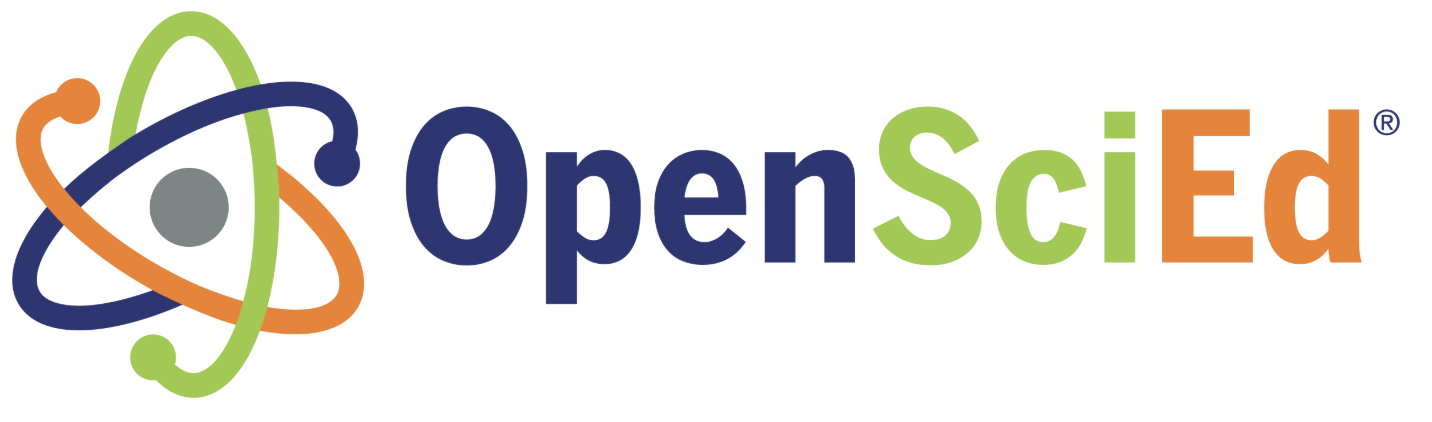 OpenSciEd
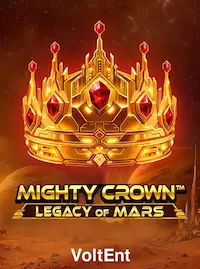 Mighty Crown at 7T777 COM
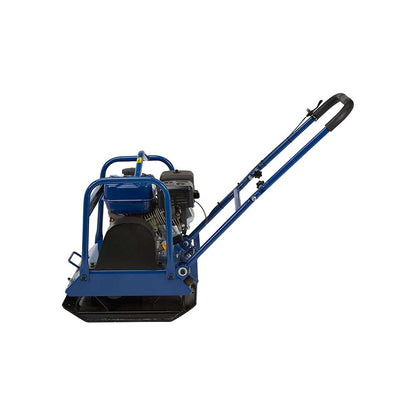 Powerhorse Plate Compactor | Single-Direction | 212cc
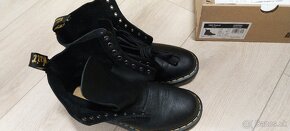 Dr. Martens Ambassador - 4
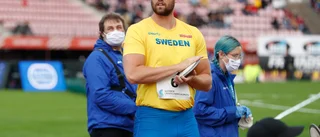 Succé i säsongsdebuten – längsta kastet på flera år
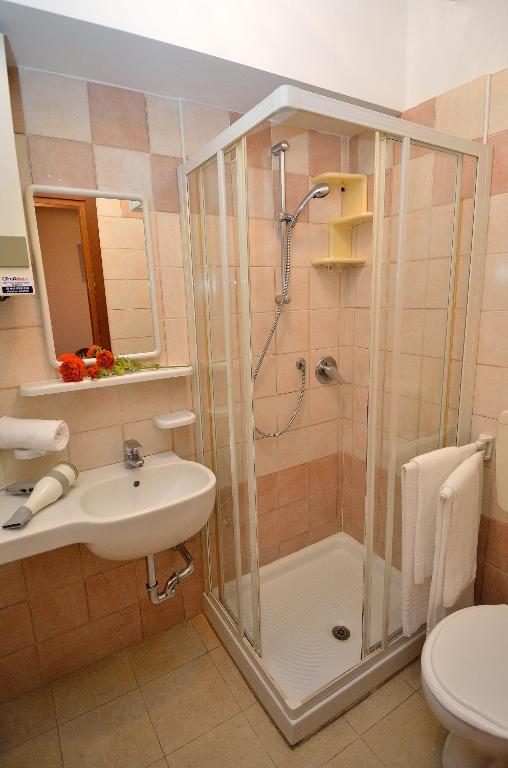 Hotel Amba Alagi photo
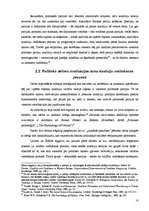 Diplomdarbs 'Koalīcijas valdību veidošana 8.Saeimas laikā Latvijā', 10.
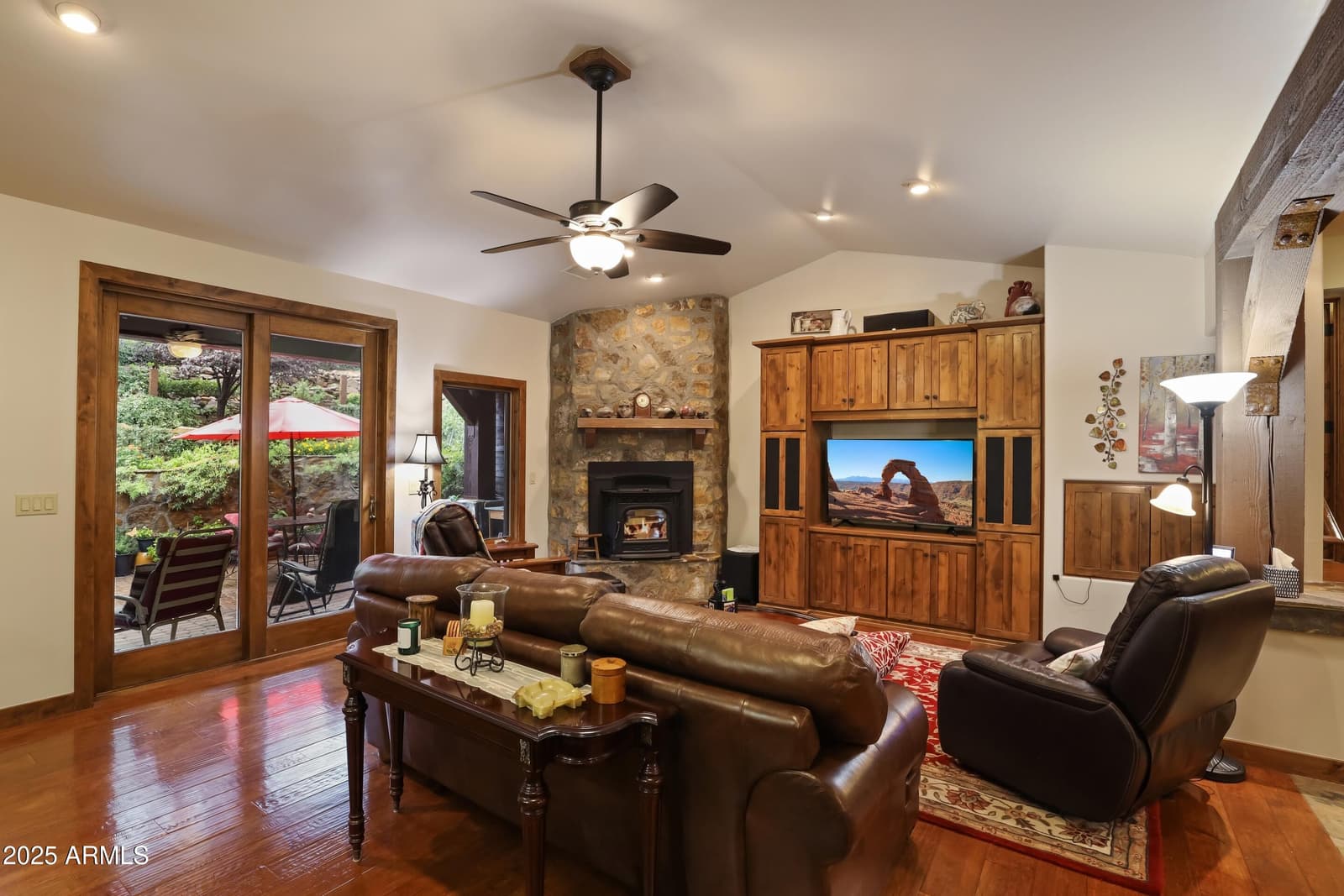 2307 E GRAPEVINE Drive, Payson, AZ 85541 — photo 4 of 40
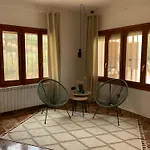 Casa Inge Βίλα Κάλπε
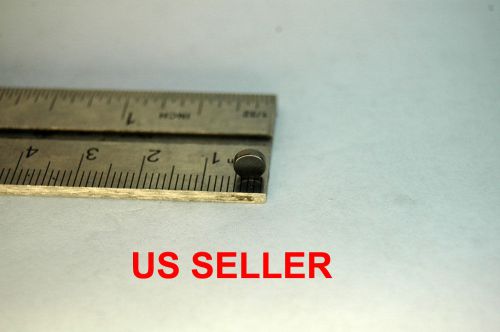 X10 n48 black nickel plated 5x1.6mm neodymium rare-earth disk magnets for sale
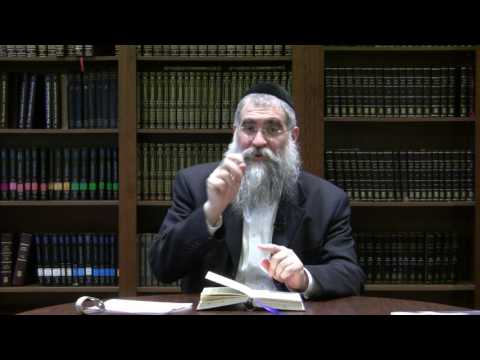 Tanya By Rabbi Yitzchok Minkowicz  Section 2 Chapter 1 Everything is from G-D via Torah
------------------------------
# EXERCISE GOAL
Up in the listing, locate the line with "Powerhorse Plate Compactor"; print it and every line after it down to the line with "Casa Inge Βίλα Κάλπε", which is included too. Skip the pictures.

# SOLVED PROBLEM
 Powerhorse Plate Compactor | Single-Direction | 212cc
 Dr. Martens Ambassador - 4
 Succé i säsongsdebuten – längsta kastet på flera år
 Hotel Amba Alagi photo
 Diplomdarbs 'Koalīcijas valdību veidošana 8.Saeimas laikā Latvijā', 10.
 2307 E GRAPEVINE Drive, Payson, AZ 85541 — photo 4 of 40
 Casa Inge Βίλα Κάλπε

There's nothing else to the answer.